L'ulcère fait plus encore sur une partie que les blessures ou les déchirures récentes, il est certain que les humeurs viciées d'une vieille plaie ou d'une vieille tumeur, considérées dans les diverses espèces de dépravation qu'elles peuvent avoir, altéreront considérablement l'organisation d'un tendon ou de tel autre organe, et des parties adjacentes comme la peau, le périoste, etc. dont le bon état de chacun contribue, ainsi qu'il est bien aisé de le penser, à l'exercice de l'âme sensitive. C'est comme un poison qui détruit sourdement le tissu organique qui constituait dans ces parties leur aptitude à la sensibilité ; cette altération peut encore moins se révoquer en doute lorsqu'il y a eu précédemment des escharres. Il n'est donc pas étonnant que le tendon ne se soit pas trouvé sensible dans quelques observations qu'on a communiquées à M. de Haller, ou dans celles qu'il peut avoir fait lui-même ; et que MM. Zimm et Mekel aient trouvé la dure-mère insensible dans un homme à qui la carie avait ouvert le crâne.

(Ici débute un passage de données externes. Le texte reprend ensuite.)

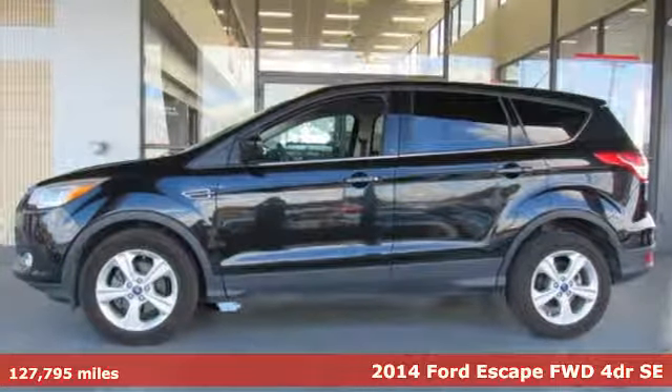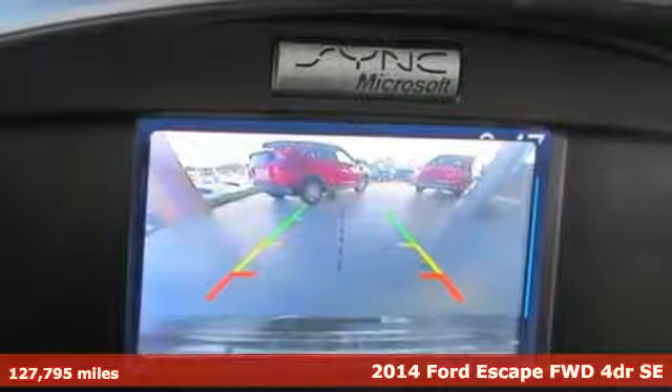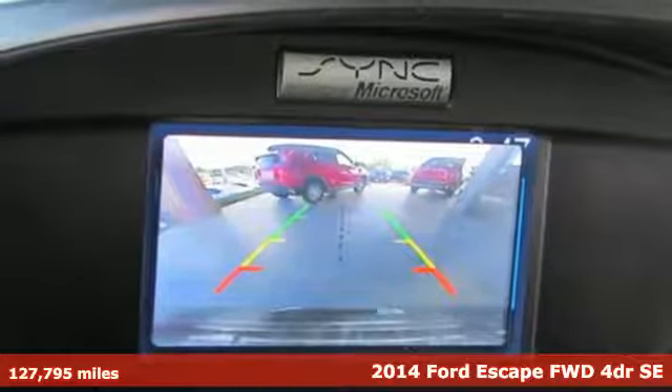Here's a 2014 Ford Escape. Yield to adventure. This SUV will take you and your toys to far away places.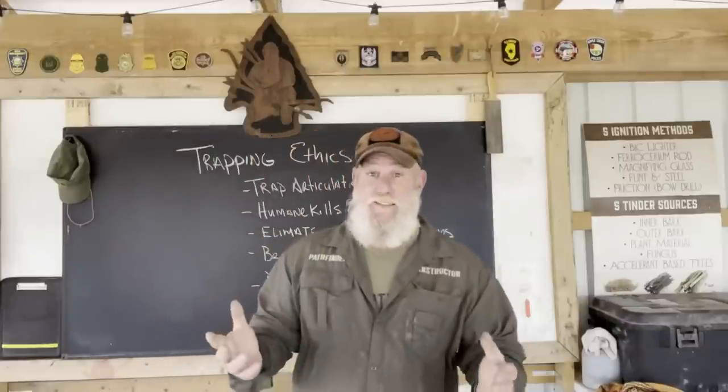Good morning, folks. I'm Dave Canterbury with Self Reliance Outfitters and the Pathfinder School, out here at the Pathfinder Outdoor Classroom. What I thought we'd do is start a series on trapping.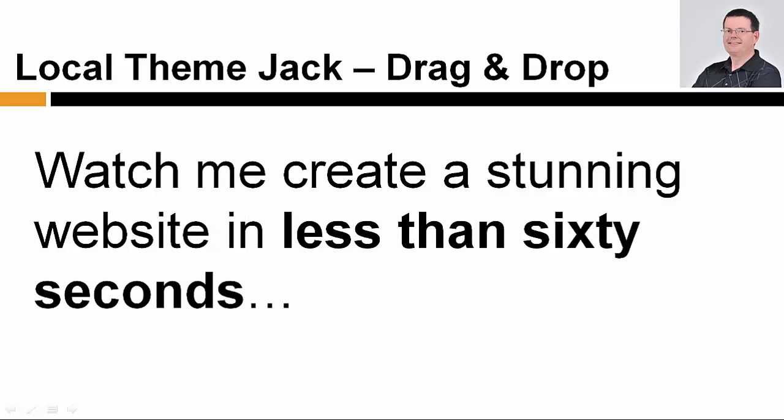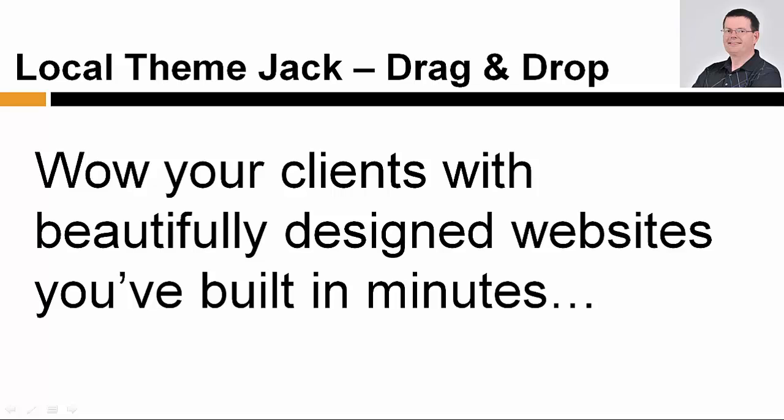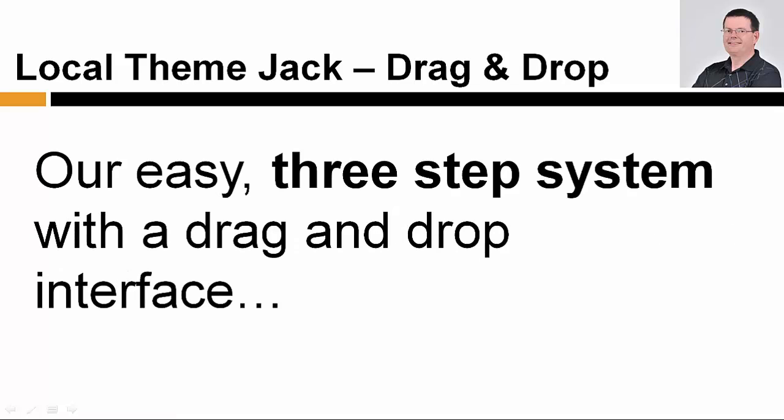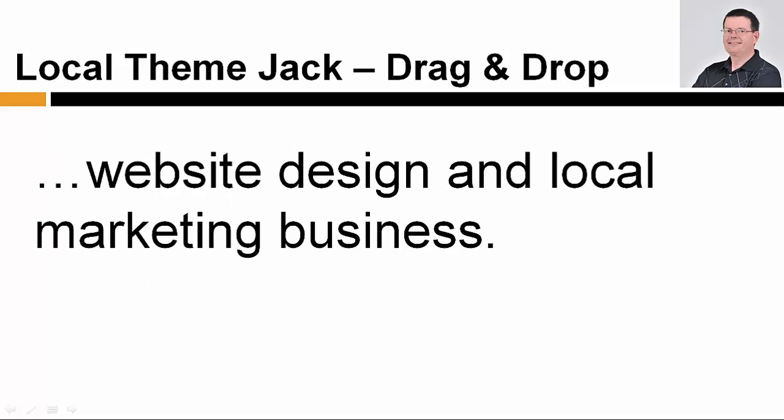Watch me create a stunning website in less than 60 seconds and see how quickly and easily you can build new websites for local business clients. Wow your clients with beautifully designed websites you've built in minutes and start banking more money faster. Our easy 3-step system with a drag and drop interface makes LocalThemeJack the best choice for you to grow your website design and local marketing business.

Nous ne saurions suivre plus loin M. de Haller dans le détail de son système ; M. Whitt l'a fait pour nous dans l'ouvrage dont nous avons parlé, et dont nous ne pouvons ici que recommander la lecture. En attendant, ce petit nombre de réflexions pourra faire connaître combien les expériences les mieux faites sont insuffisantes pour avancer dans la connaissance d'une matière, dont les objets délicats se dénaturent ou disparaissent sous la main qui cherche à les travailler ; c'est-là un caractère de réprobation attaché à toutes les tentatives humaines de ce genre ; parvenu après de grands efforts aux objets qui paraissent toucher le plus immédiatement la nature, l'observateur le plus heureux se trouve n'avoir que quelques pouces de terrain au-dessus des autres, avantage qui ne peut lui servir qu'à découvrir une plus grande distance du point où il est à celui où il se flattait d'être, et qu'il doit désespérer de pouvoir jamais atteindre. " Combien de choses, disait Séneque, se meuvent dans les ombres d'un secret impénétrable, et dont la connaissance nous sera éternellement dérobée " ? L. annaei Senecae, natur. quaest. lib. VII. Il faut donc nous contenter de quelques formes fugitives que la nature, comme un Prothée qu'on ne saurait forcer, veut bien de temps en temps se laisser surprendre ; et celui-là aura vraiment attrapé le but qui réussira à le mieux saisir. Article de M. FOUQUET, docteur en médecine de la faculté de Montpellier.